Passiamo adesso ai fantastici vantaggi dell’avvio della (contro)riforma dell’Irpef. Avvio che dovrebbe consistere nell’unificazione delle due aliquote più basse di questa tassa. Quella del 23%, adesso operante fino a 15mila euro di reddito; quella del 25%, attualmente in vigore nella fascia tra 15mila e 28mila euro. Unificando queste due aliquote al 23% si ottengono questi mirabolanti risparmi: 100 euro annui (annui!) per un reddito lordo di 20mila, 200 (sempre annui) per un reddito di 25mila, 260 euro per i redditi da 27mila in su. Tutto questo mentre i redditi di 15mila euro non guadagnerebbero neppure un centesimo!
A parte il fatto che i redditi più bassi ne escono comunque svantaggiati, qui l’entità di queste cifrone parla da sola. Eppure, non abbiate dubbi, la propaganda farà passare questa miseria per una grande riduzione del carico fiscale! Siccome siamo buoni, prima abbiamo paragonato la portata della manovra alla massa del simpatico moscardino, ma qui siamo forse di fronte a quella della pestilenziale cimice.

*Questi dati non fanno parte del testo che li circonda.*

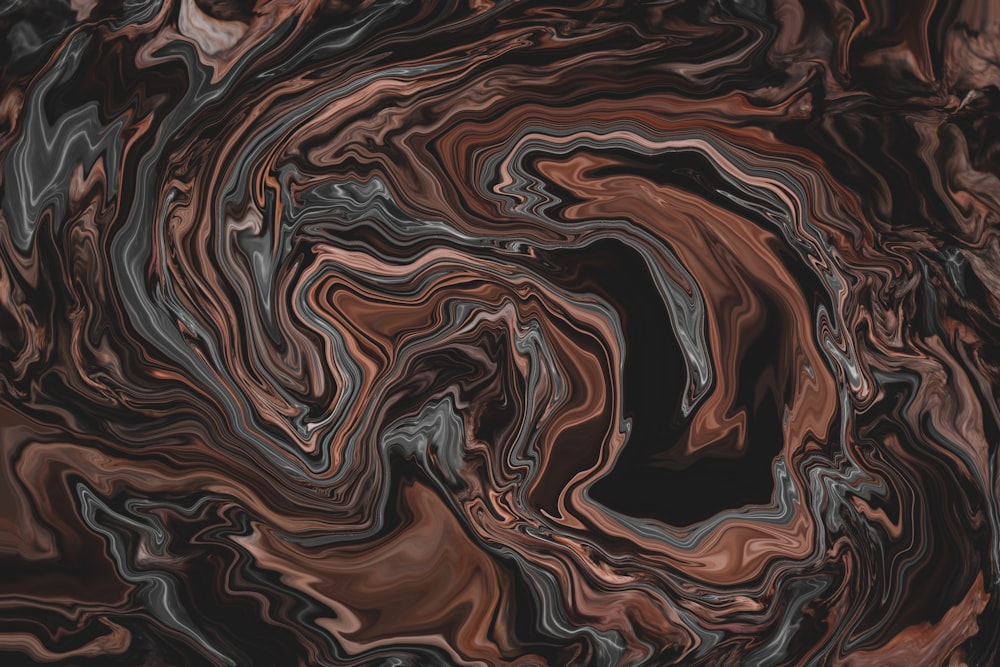 a black and brown abstract background with wavy lines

Sulla Nadef potremmo fermarci qui. Ma quale sarà la risposta dell’Unione Europea? Il timorato Giorgetti ha fatto capire di affidarsi alla “clemenza della Corte”. Eh già, perché se per noi l’incremento del deficit è stato troppo modesto, per i tecnocrati di Bruxelles (che eccepiranno, fra l’altro, su una previsione sul Pil del tutto irrealistica) risulterà senz’altro troppo alto. Ed in questo c’è pure una logica, perché quel che potrebbe fare uno Stato sovrano con una moneta sovrana, non può essere fatto nella gabbia dell’euro. Ma in quella gabbia Giorgetti, Tajani, Meloni e Salvini decisamente ci vogliono stare. Giorgetti e Tajani con l’entusiasmo di sempre, Meloni e Salvini un po’ controvoglia, ma con lo stesso servilismo dei primi due.
Come finirà allora? Premesso che Giorgetti ha inserito nella Nadef un pacchetto di nuove privatizzazioni pari a 20 miliardi, la qualcosa intenerisce sempre le oligarchie finanziarie incistate nella cupola eurista, la cosa più probabile è che la Commissione Europea brontoli quanto basta a far capire chi comanda, ma senza costringere il governo italiano al dietrofront. In cambio vorrà però l’approvazione del Mes, e lì vedremo ancora una volta all’opera il finto “sovranismo” dei finti “patrioti” al potere.
Per adesso fermiamoci qui, che le prossime settimane metteranno ancor meglio in luce la miseria del governo Meloni. Un governo che sta in piedi solo in virtù dell’assenza di ogni opposizione. Una situazione che non potrà durare a lungo.